Input records -

########

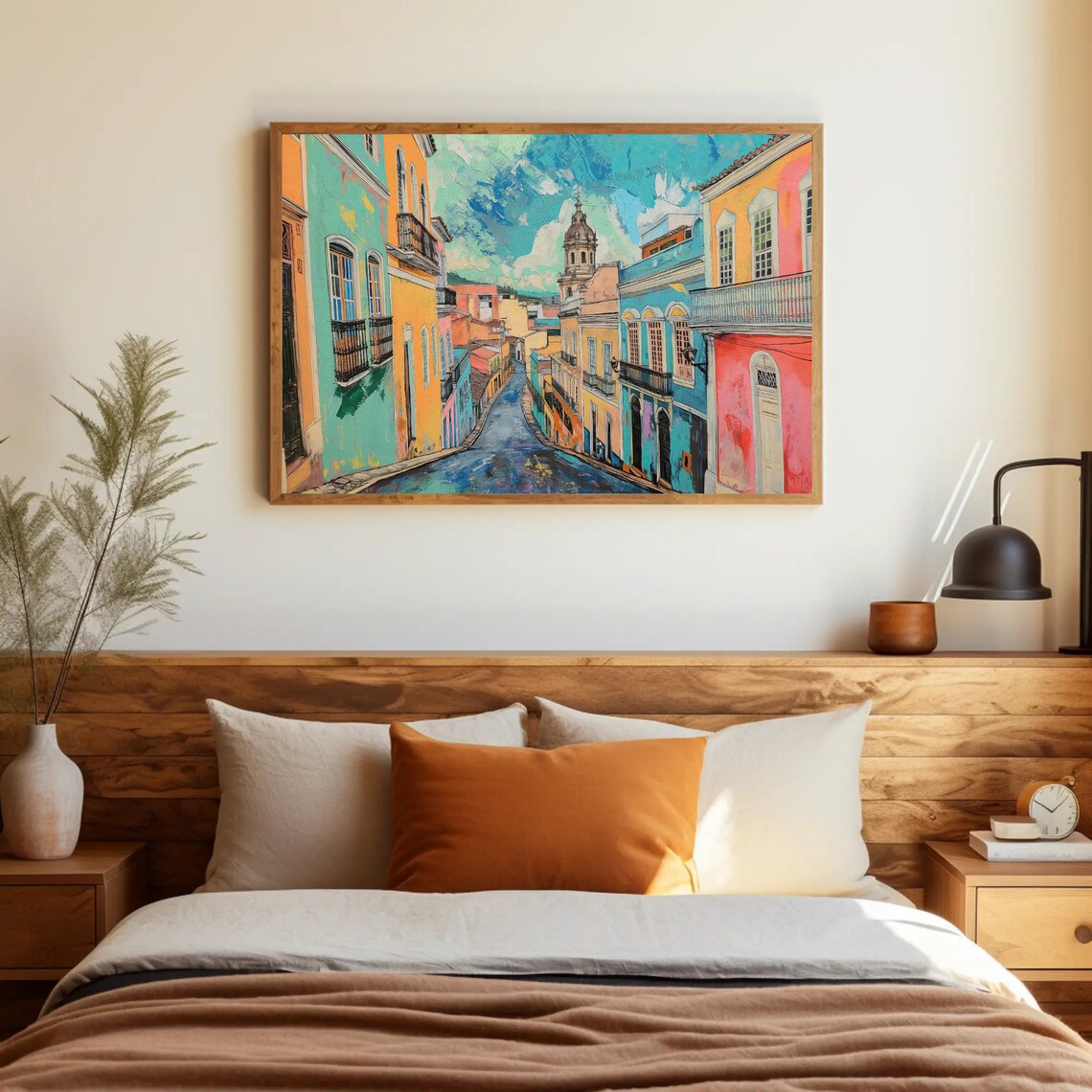 Salvador Bahia Brazil Street Scene Oil Painting Poster Colorful Town - Image 3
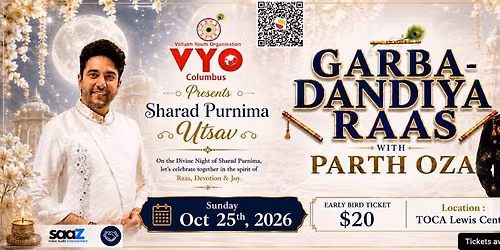 Parth Oza Garba Dandiya Raas 2026 in Cleveland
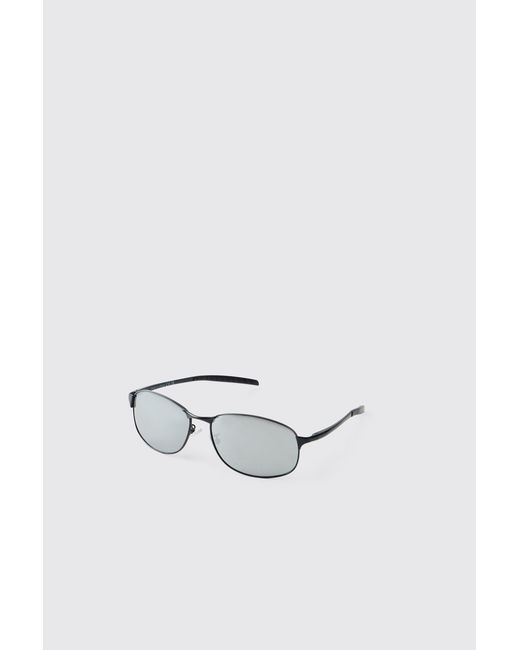 BoohooMAN White Metal Rectangle Sunglasses for men
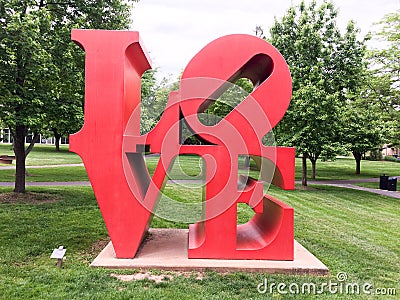 Love text in big red metal letters Editorial Stock Photo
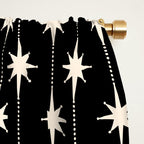 Mid Century Modern Atomic Stars and Dots Pattern in Black and Almond Cream Window Curtain Gallery Image 2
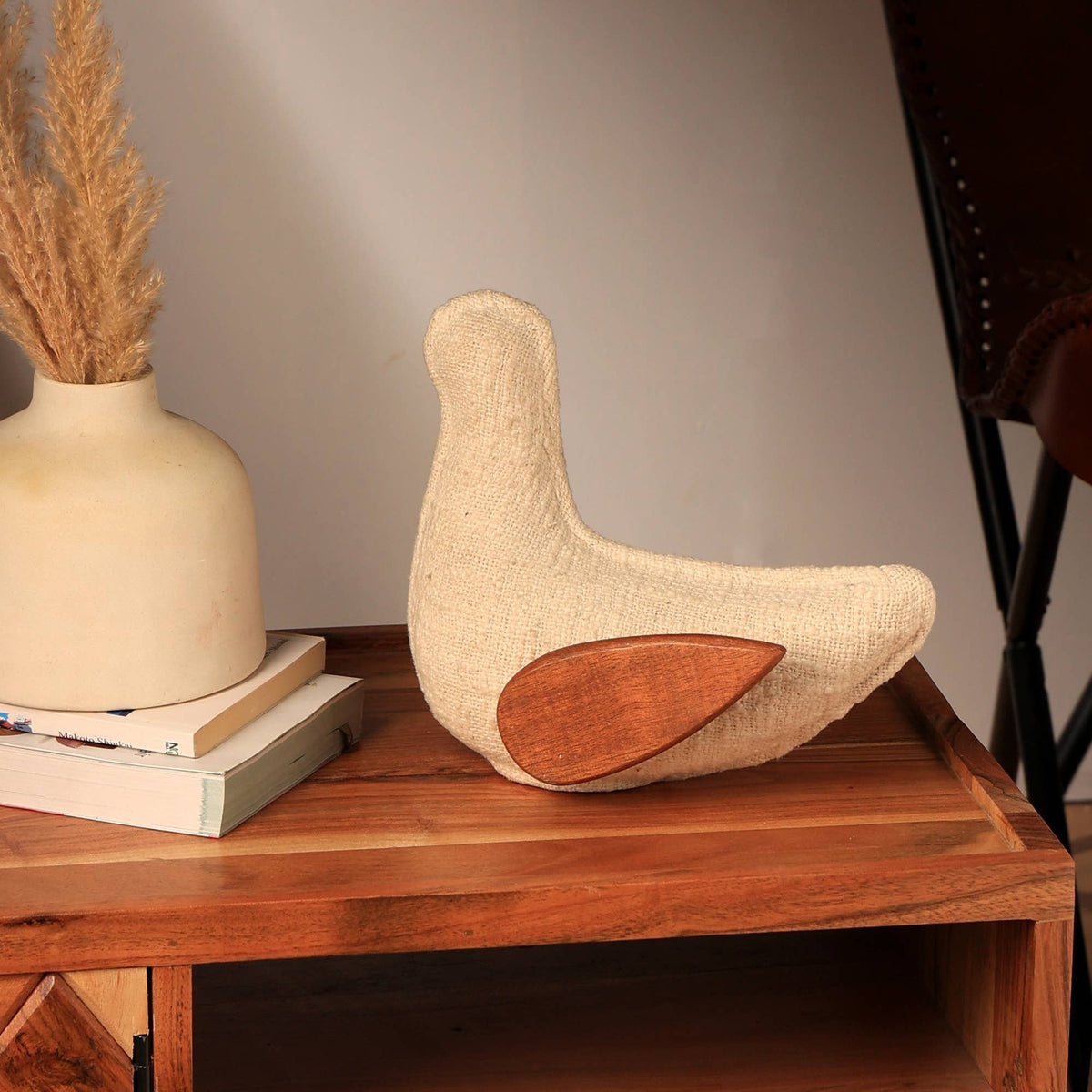 EcoMix Dove with Fabric & Wood Wings – Handcrafted Figurine & Sculptural Décor-9X4.5X7.8"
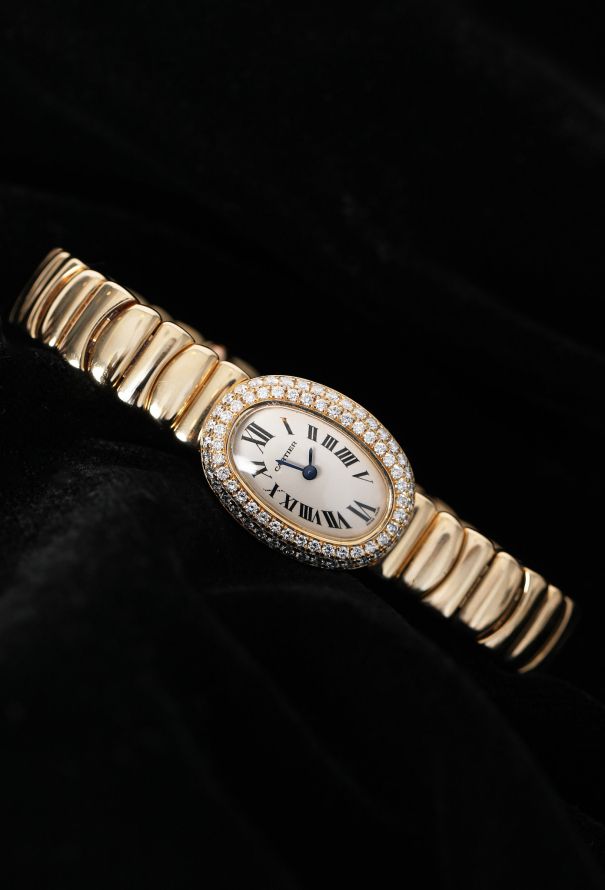 Cartier 18K Yellow Gold & Diamonds Mini Baignoire Watch - 4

########

Exercise prompt -
Could the entries above be printed again exactly, apart from the pictures?

Written reply -
 Salvador Bahia Brazil Street Scene Oil Painting Poster Colorful Town - Image 3
 Parth Oza Garba Dandiya Raas 2026 in Cleveland
 BoohooMAN White Metal Rectangle Sunglasses for men
 Love text in big red metal letters Editorial Stock Photo
 Mid Century Modern Atomic Stars and Dots Pattern in Black and Almond Cream Window Curtain Gallery Image 2
 EcoMix Dove with Fabric & Wood Wings – Handcrafted Figurine & Sculptural Décor-9X4.5X7.8"
 Cartier 18K Yellow Gold & Diamonds Mini Baignoire Watch - 4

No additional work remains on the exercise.